▶ WHAT IS REQUIRED: Skip the pictures and retype exactly the lines from the one holding "A brown leather" through the end of the entries.

▶ DATA FOR THIS EXERCISE:
-------
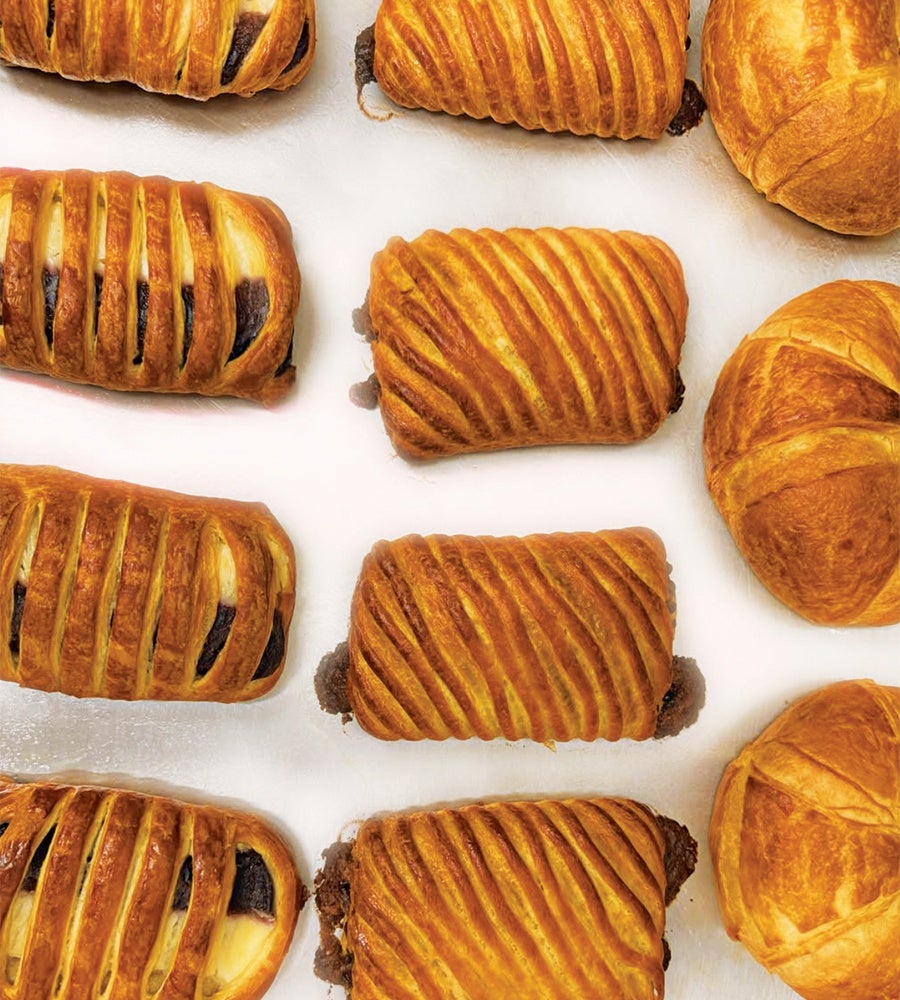 Golden-brown pastries with a flaky, layered crust, some with diagonal slits revealing a dark filling, arranged on a white surface. The pastries vary slightly in shape, with some rectangular and others round.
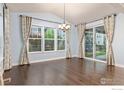 Inviting dining area with vaulted ceiling, large windows, stylish chandelier, and sliding glass doors at 4631 Lakeside Dr, Firestone, CO 80504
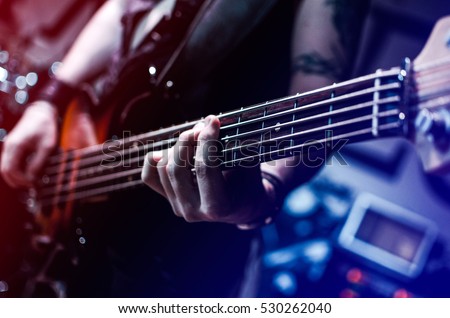 Guitar neck close-up on a concert of rock music in the hands of a musician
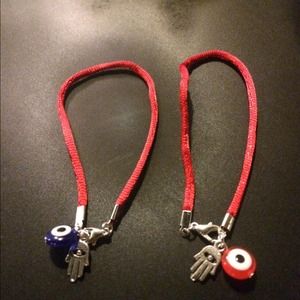 Evil eye charm bracelet with hamsa hand.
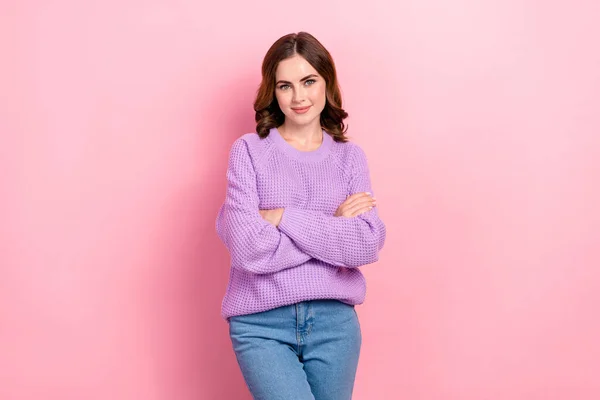 Photo of cute sweet lovely lady wear warm knitted clothes arm folded promoting new collection empty space isolated on pink color background.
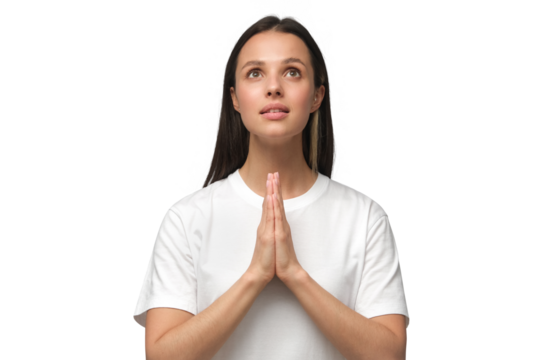 Young woman praying with hands pressed together, looking upwards as if asking god for blessing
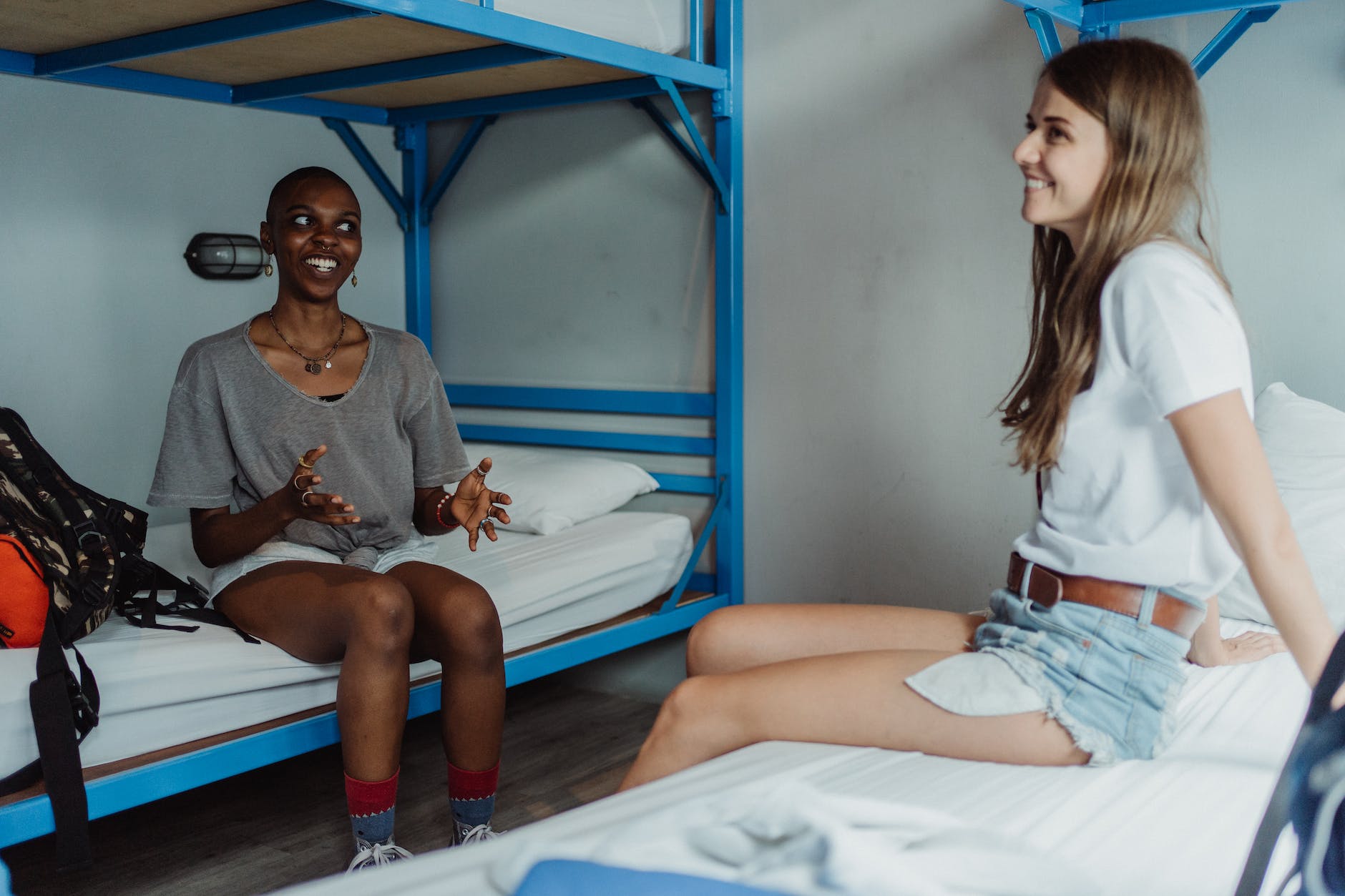 women sitting on bunk bed and smiling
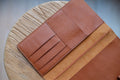 A brown leather traveler's notebook with card slots and a snap button closure, displayed open, close up of left card slots
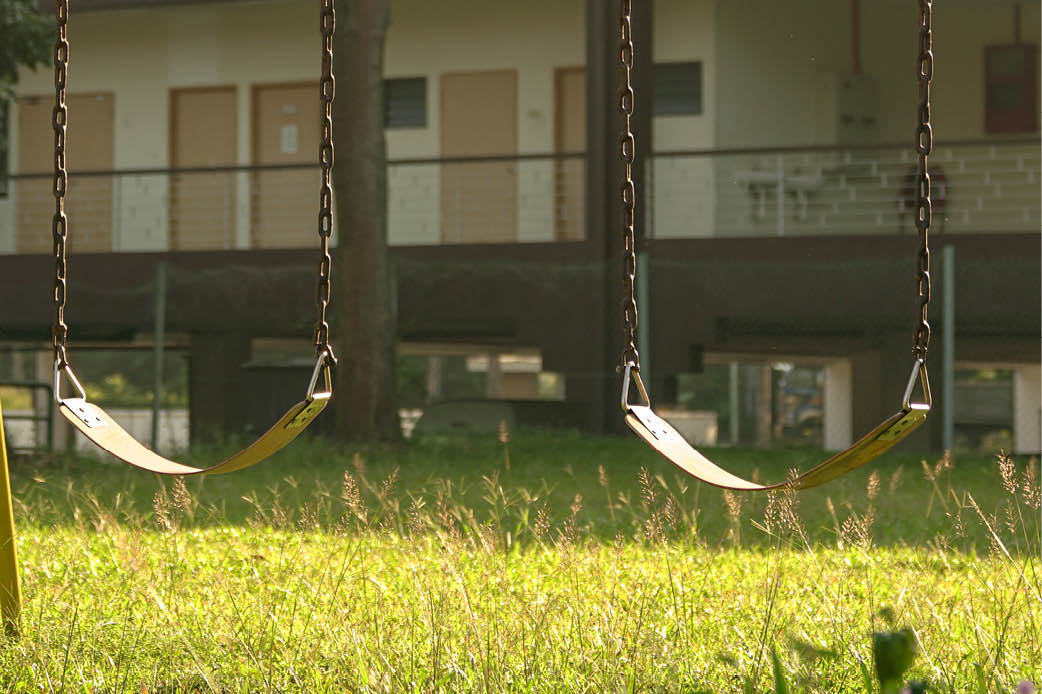 Missing children playground Two empty swings on a playground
-------
▶ EXERCISE OUTPUT:
 A brown leather traveler's notebook with card slots and a snap button closure, displayed open, close up of left card slots
 Missing children playground Two empty swings on a playground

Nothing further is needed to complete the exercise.